▶ Supplied material:
§ §

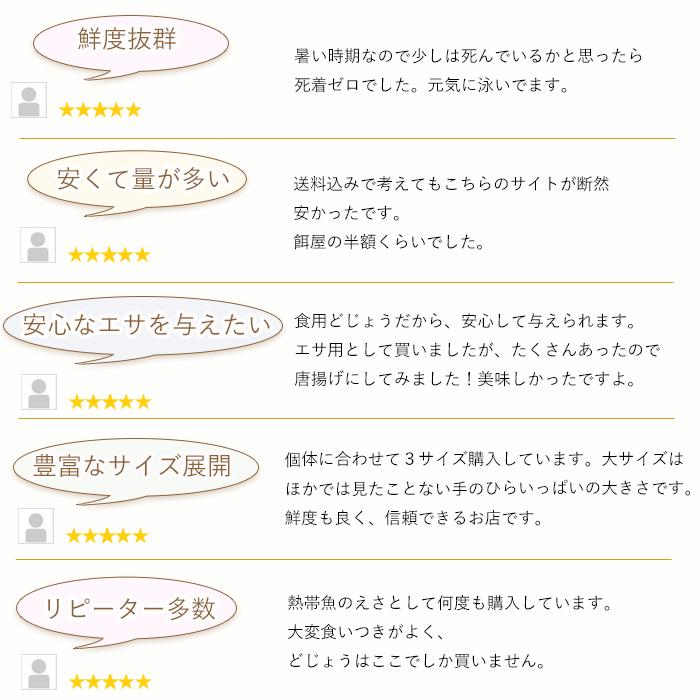 【 どじょう 日本一】 えさ どじょう 500g 小【約10cm 約120匹】 えさ 活どじょう 釣り エサ 熱帯魚 古代魚 エサ  (食用OK) ドジョウ 生き餌 生餌 生体 餌｜dojou-ookawa｜03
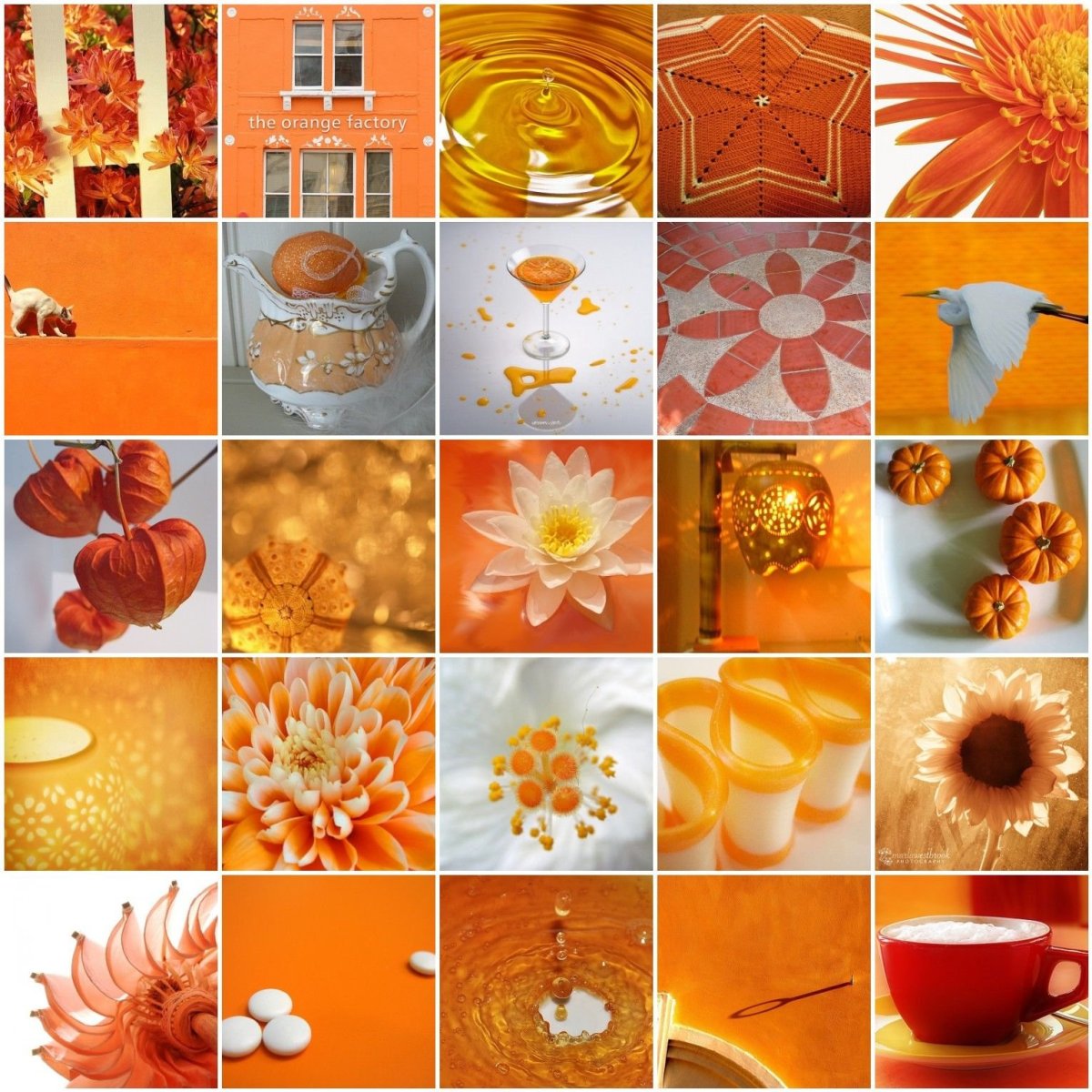 Оранжевые предметы для коллажа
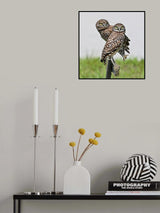 Crossed Poster och Canvastavla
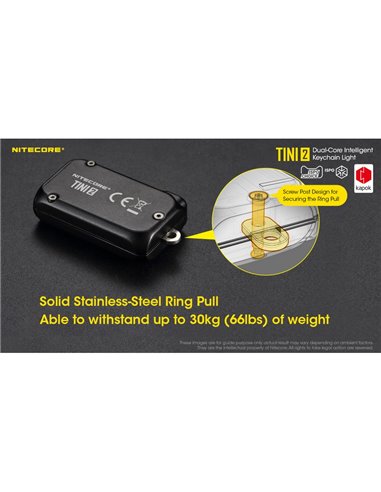 Lampe torche LED TINI2, petite et légère, batterie rechargeable, 500 lm, accessoire porte-clés, IP54, gris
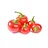 cascabel chiles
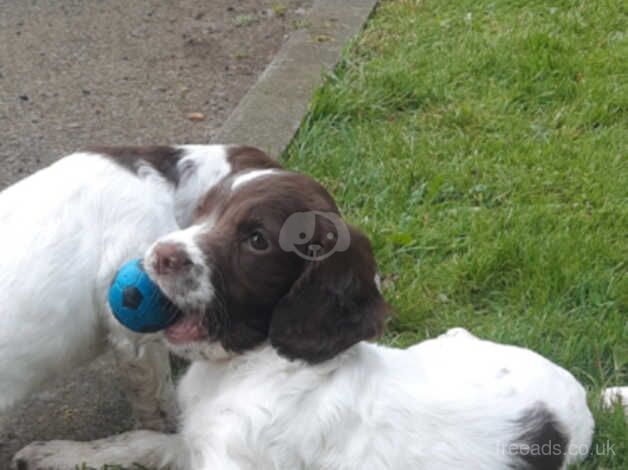 Pedigree springer spaniel kc for sale in Melrose, Scottish Borders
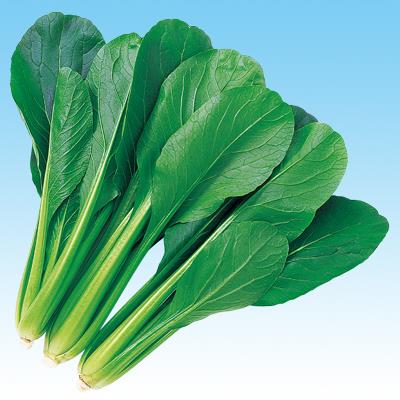 ��ĥ�狼�ʡ��渶�μ���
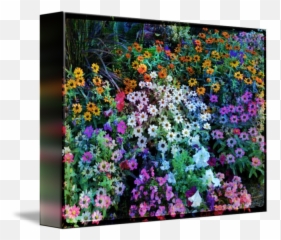 Flowerbed Scratch Texture By Elizabeth Mix - Art Paint png
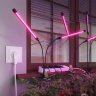 Розетка Wi-Fi (белый) Werkel W1171601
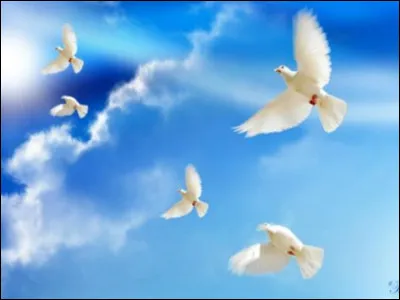 En quelle année le prix Nobel de la paix a-t-il été attribué pour la première fois ?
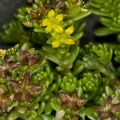 Sedum alpestre Villars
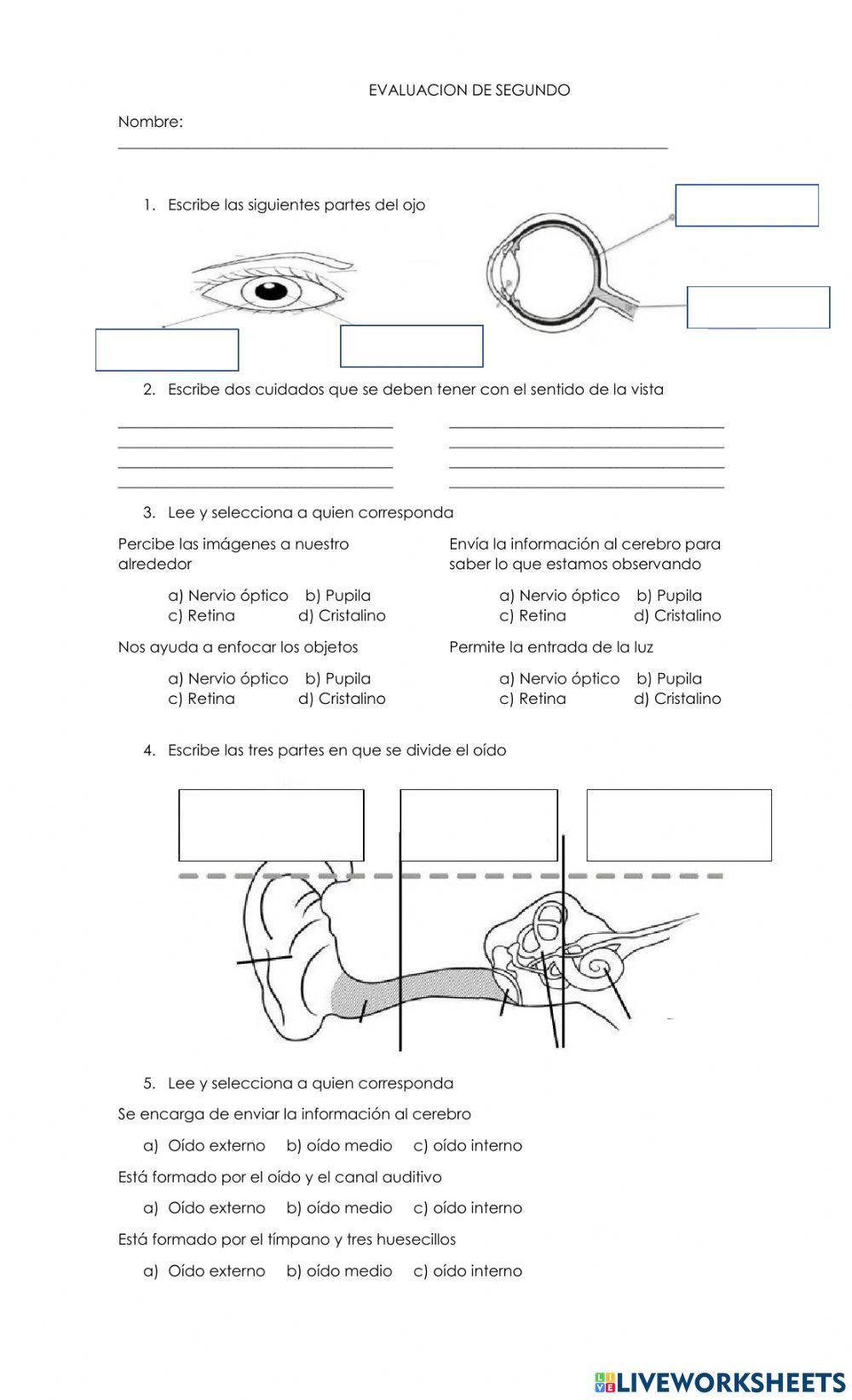 Sentidos de la vista y el oido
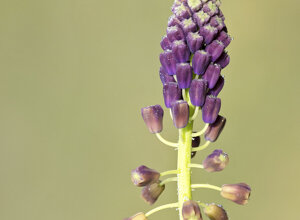 Ambiente Scrivia 2021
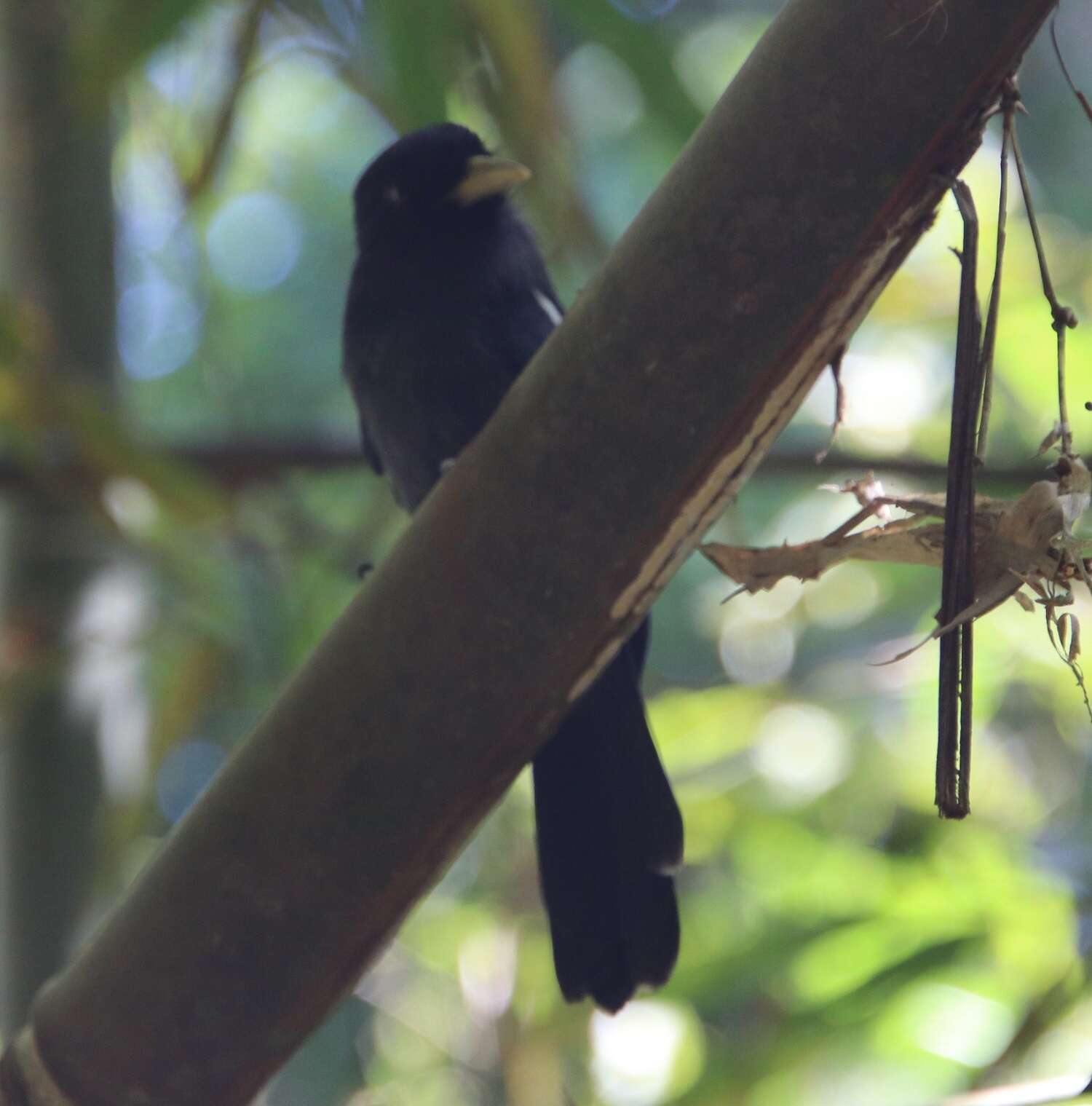 Image of Yellow-billed Nunbird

§ §

▶ Exercise:
Set down a word-for-word copy of the records, dropping any picture.

▶ Solution:
 【 どじょう 日本一】 えさ どじょう 500g 小【約10cm 約120匹】 えさ 活どじょう 釣り エサ 熱帯魚 古代魚 エサ  (食用OK) ドジョウ 生き餌 生餌 生体 餌｜dojou-ookawa｜03
 Оранжевые предметы для коллажа
 Crossed Poster och Canvastavla
 Lampe torche LED TINI2, petite et légère, batterie rechargeable, 500 lm, accessoire porte-clés, IP54, gris
 cascabel chiles
 Pedigree springer spaniel kc for sale in Melrose, Scottish Borders
 ��ĥ�狼�ʡ��渶�μ���
 Flowerbed Scratch Texture By Elizabeth Mix - Art Paint png
 Розетка Wi-Fi (белый) Werkel W1171601
 En quelle année le prix Nobel de la paix a-t-il été attribué pour la première fois ?
 Sedum alpestre Villars
 Sentidos de la vista y el oido
 Ambiente Scrivia 2021
 Image of Yellow-billed Nunbird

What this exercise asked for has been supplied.